In 1997, for example, Nike was one of the first companies to be charged with sweatshop labor and human rights abuses. It hired a former U.N. ambassador to conduct a report and investigation, but that ultimately became known as a whitewash of its operations. Holder should not hold back on clear-eyed criticism of the company, no matter how much the company pays him in fees.
Redemption
The problem with nouveau riche companies — especially in Silicon Valley — is their out-of-hand rejection of conventional models that have worked in the old economy. As Uber surrounds itself with a coterie of consultants, advisers, investors and cheerleaders, it is distant from the voice in the crowd that whispers, “the emperor has no clothes.” Few of these companies want to hear about, or do, the socioeconomic corporate work that would solidify their long-term survival.
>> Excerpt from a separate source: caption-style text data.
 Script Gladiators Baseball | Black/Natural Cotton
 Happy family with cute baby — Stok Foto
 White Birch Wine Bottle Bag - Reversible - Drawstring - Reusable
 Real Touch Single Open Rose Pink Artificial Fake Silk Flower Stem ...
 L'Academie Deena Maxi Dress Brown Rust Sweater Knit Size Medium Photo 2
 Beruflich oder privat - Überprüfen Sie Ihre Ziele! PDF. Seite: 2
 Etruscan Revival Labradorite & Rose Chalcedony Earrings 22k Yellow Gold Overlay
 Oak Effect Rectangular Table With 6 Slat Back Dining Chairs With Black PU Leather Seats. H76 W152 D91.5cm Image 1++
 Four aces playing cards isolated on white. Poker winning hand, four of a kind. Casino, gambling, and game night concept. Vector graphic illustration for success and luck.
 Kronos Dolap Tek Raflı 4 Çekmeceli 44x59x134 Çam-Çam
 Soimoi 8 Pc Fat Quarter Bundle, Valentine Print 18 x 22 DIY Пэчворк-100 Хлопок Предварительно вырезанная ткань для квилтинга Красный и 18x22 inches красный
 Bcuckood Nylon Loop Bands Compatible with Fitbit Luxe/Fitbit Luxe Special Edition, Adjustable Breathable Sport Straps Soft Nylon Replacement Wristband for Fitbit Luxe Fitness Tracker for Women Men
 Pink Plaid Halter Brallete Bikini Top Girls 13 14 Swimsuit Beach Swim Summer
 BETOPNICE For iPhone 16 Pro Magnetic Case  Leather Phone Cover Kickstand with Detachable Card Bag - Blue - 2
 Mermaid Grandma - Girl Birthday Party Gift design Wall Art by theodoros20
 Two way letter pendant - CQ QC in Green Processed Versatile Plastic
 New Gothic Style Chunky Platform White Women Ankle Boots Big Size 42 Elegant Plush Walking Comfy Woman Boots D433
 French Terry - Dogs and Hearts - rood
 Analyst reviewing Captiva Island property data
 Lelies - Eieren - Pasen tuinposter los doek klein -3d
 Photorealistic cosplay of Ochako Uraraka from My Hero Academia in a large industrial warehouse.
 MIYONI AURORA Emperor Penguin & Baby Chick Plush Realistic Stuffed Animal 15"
But all is not lost, and Uber is not doomed to the abyss. If the company is serious about curing its very transparent defects, it should develop an independent self-regulatory regime, a robust corporate responsibility program, and a group of external, independent advisers who will be undaunted by Kalanick’s penchant for drowning out voices of dissent.
They should tell him that a brilliant idea, and millions in investment, are no panacea for basic, good business practices. If Uber can install these components into its corporate chassis, it will be better equipped to avoid what appears to be a head-on collision with society.
Adonis Hoffman is chairman of Business in the Public Interest and author of “Doing Good: The New Rules of Corporate Responsibility, Conscience and Character.” He held senior legal positions at the Federal Communications Commission (FCC) and the U.S. House of Representatives, and is an adjunct professor at Georgetown University.